I’ve written before about the challenge of writing from a child’s point of view. To some extent, the child is an unreliable narrator as their view of the world is coloured by youth and inexperience and possible misconceptions. But there’s always the possibility that the child will see things as they truly are, uncluttered by notions of what ‘ought’ to be visible. The ‘Emperor’s clothes’ is the classic example: whereas adult viewers see the Emperor luxuriously clad as befits his/her status, the child sees that the Emperor is in fact naked. The child may say so, but will not be paid attention to because he/she is ‘just a child’.
“Out of the mouths of babes and sucklings shall come forth wisdom.” That’s a biblical quote, in which ‘wisdom’ is equated with ‘truth’.
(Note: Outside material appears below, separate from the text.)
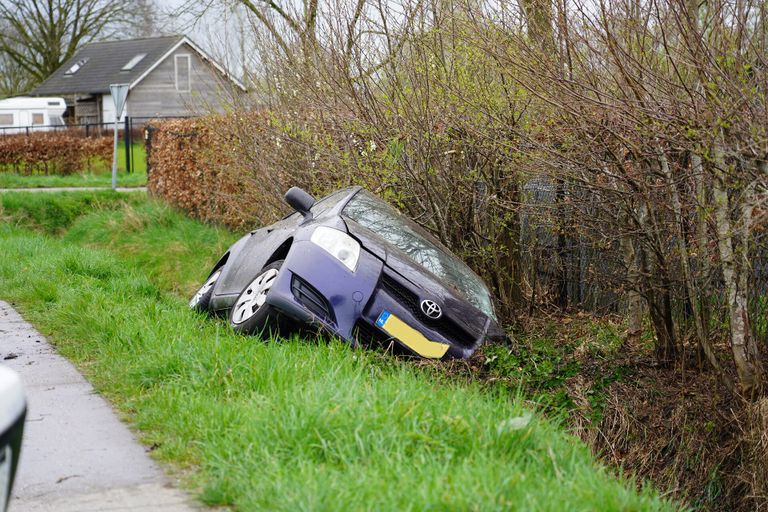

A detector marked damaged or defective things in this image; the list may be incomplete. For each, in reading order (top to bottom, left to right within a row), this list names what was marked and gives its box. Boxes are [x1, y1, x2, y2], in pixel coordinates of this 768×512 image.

overturned car [190, 186, 504, 358]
There are two children in my new novel. One of them is central to the action, first encountered on page 1 and staying centre stage for much of the story. Writing from her POV meant getting into the mind and reactions of a fairly unsophisticated young person, biologically but not personally mature. Reaching back into my own memory of being that age was quite a shock. Had I really noticed what happened around me and analysed it in that way, so intense, so sceptical? To double check, I recalled my own child at that age, and the hundreds I’d encountered at school during my teaching years. It seemed to me that some perceptions were sharp and accurate, and some others were missing altogether. Adults may see something that the child misses completely – hence the ‘unreliability’.
The other child in my latest story is younger, further back in my memory and beyond my teaching experience. This voice was harder to capture. One thing I was sure of however: this child is more ‘wise’ than those around him give him credit for. He may not say much but he misses very little of what’s going on, even though he may not understand all of it. He will offer what he knows only if asked directly, and demonstrate his knowledge in unconventional ways. Interesting. It creates tension that is subtle and quiet, but still intriguing to any reader whose senses have not been dulled by too much ‘action.’ I hope it works.